Good read. Congrats on the catch.


----------



## YakAttack (Aug 8, 2006)

Thanks for the heads up Aaron. With the pics he posted, the fin alignment isn't clear, and the spots are indicative of a Sharpnose, although I agree they are not enough alone to ID one.

I have some field guides I use to ID sharks. As many have said, it's pretty tricky, but not really that difficult if you know the features to look for.

Cheers.

- Luther


----------



## joe l. (Jul 31, 2004)

Yeah - I do apologize for the photo quality of the shark. Bunch of problems - I was almost alone on the pier that night, and the woman who took the first photo didn't want to get too close to the toothy fellow (although I like the pic she took of me with him - _edited to add - I keep saying "he", but SHE actually, no claspers on this one, so it's a gal_). After that, I was trying to take them myself or with the camera timer. Doesn't work well at night  

On top of it all, I was getting nervous, as I didn't want to keep him out of the water for too long. I'm not against keeping a few for eating, but I do release almost everything I catch. My concern with this guy was that he already swallowed the circle hook (not sure how that happened - thought they weren't supposed to do that with circles. Maybe the hook was too big?), so I wanted to get him back without any more trauma than necessary.

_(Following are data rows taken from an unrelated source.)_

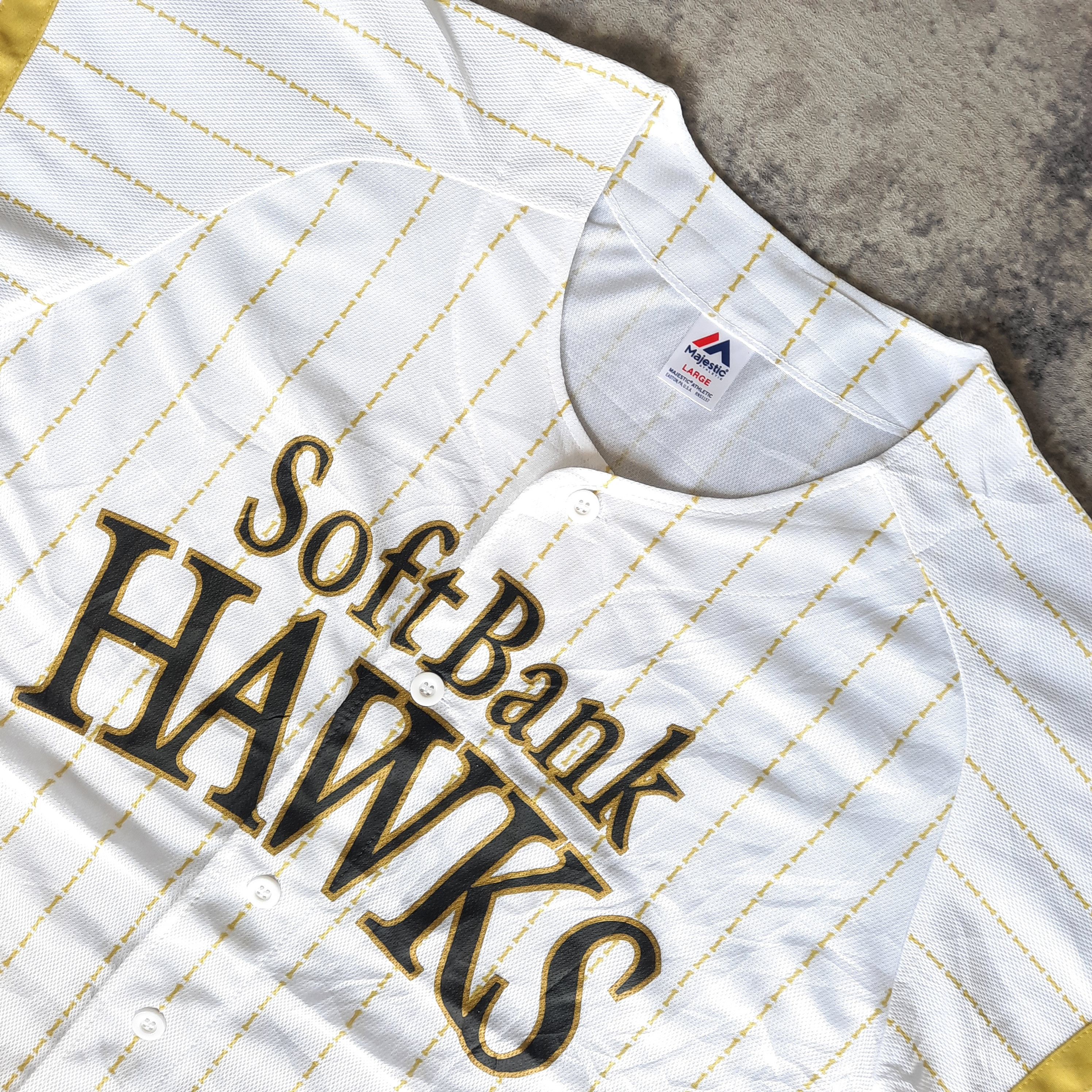 Japanese Brand × Majestic 🔥Majestic NPB fukuoka softbank hawks baseball jersey Size US M / EU 48-50 / 2 - 2 Thumbnail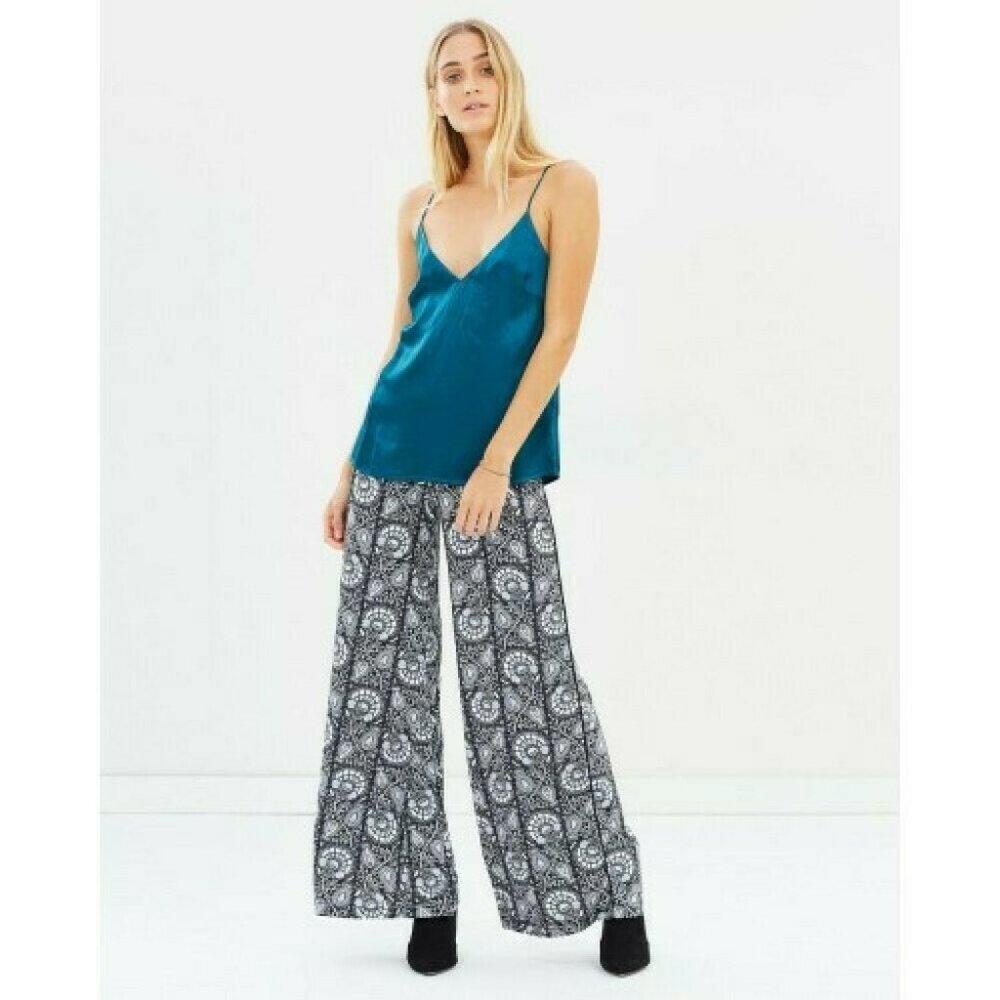 TIGERLILY Yolanthe Teal Satin Cami Top RRP$99 - Picture 9 of 15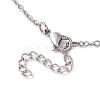 Teather's Day Alloy Red Apple Book Ruler Pendant Necklaces X1-NJEW-TA00185-5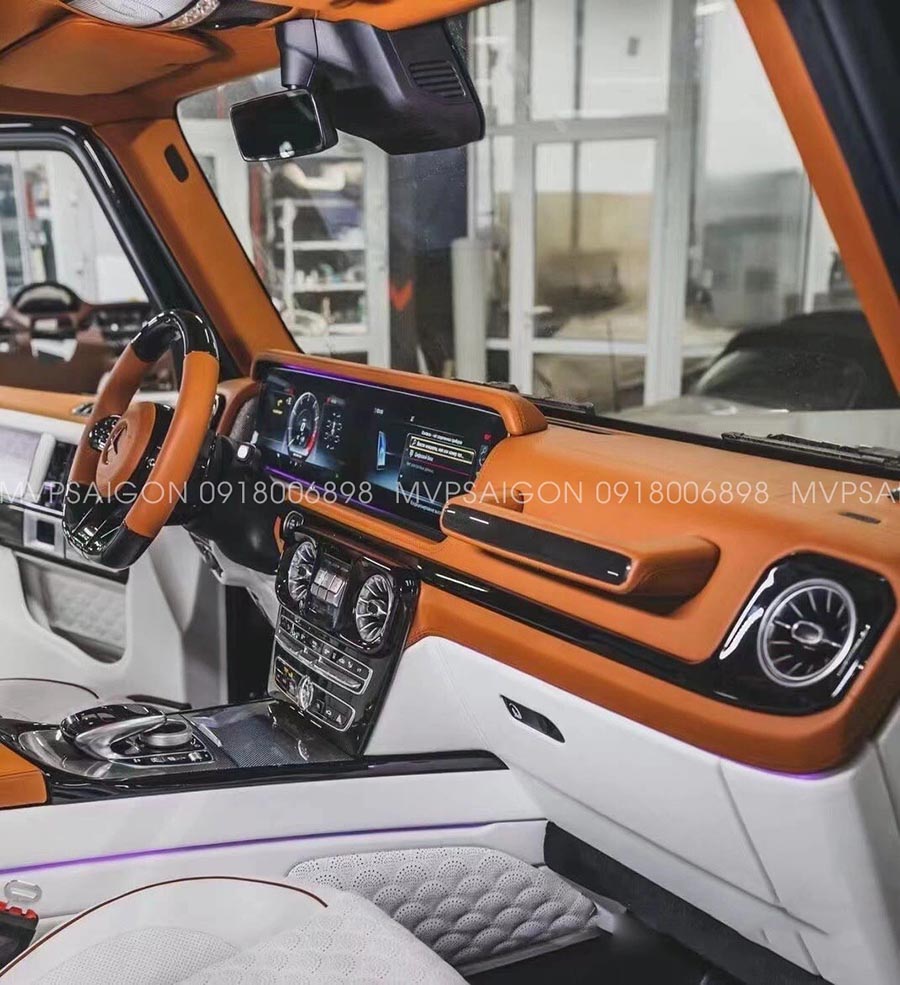 Bọc da - đổi màu nội thất Mercedes Benz G-class G500 G63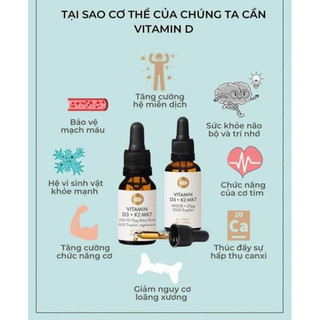 VITAMIN D3K2 MK7 ĐỨC SUNDAY NATURAL NHẬP KHẨU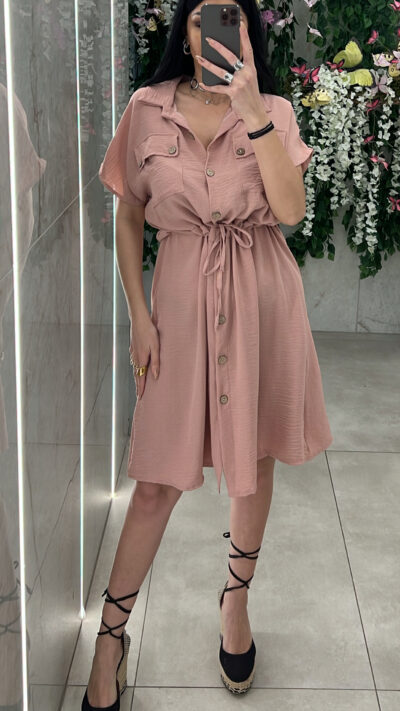 Φόρεμα Casual 12678/ Ρόζ
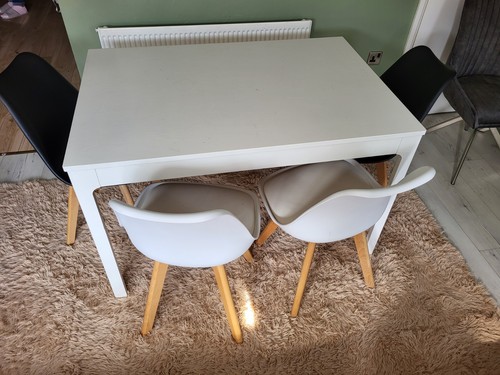 Extendable ikea table and - ikea, 4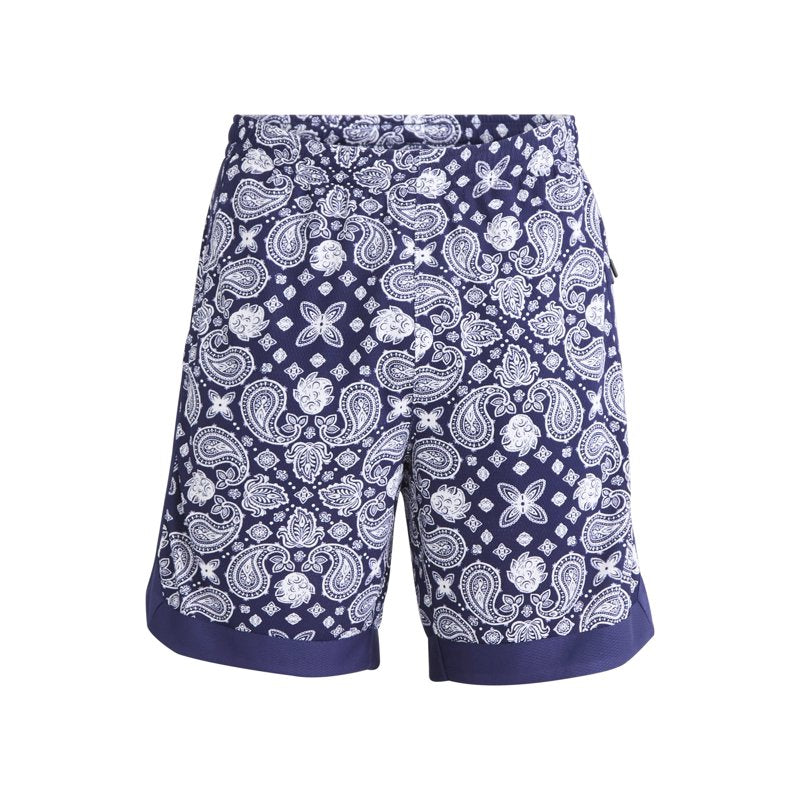 Men's Printed Basketball Shorts - 8-Inch Inseam Active Fit Sportswear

I worked with the sharks in our aquarium/zoo up here throughout high school and college, so I'm reasonably adept at IDing most of the adults, but I get unsure with the little guys. As mentioned, some of them can be tricky. You guys who see them all the time are much better at it than I.


----------



## YakAttack (Aug 8, 2006)

After looking back the first photo does show that the second dorsal starts over the middle of the anal fin, another indicator of a sharpnose.

Here's an ID page:

http://www.outdooralabama.com/fishing/saltwater/regulations/Shark-ID/atlantic-sharpnose-shark.cfm

Cheers.

- Luther


----------



## Ryan Y (Dec 1, 2005)

*From the first photo....*

I was getting ready to ask you how those mullet tasted  
Great report.


----------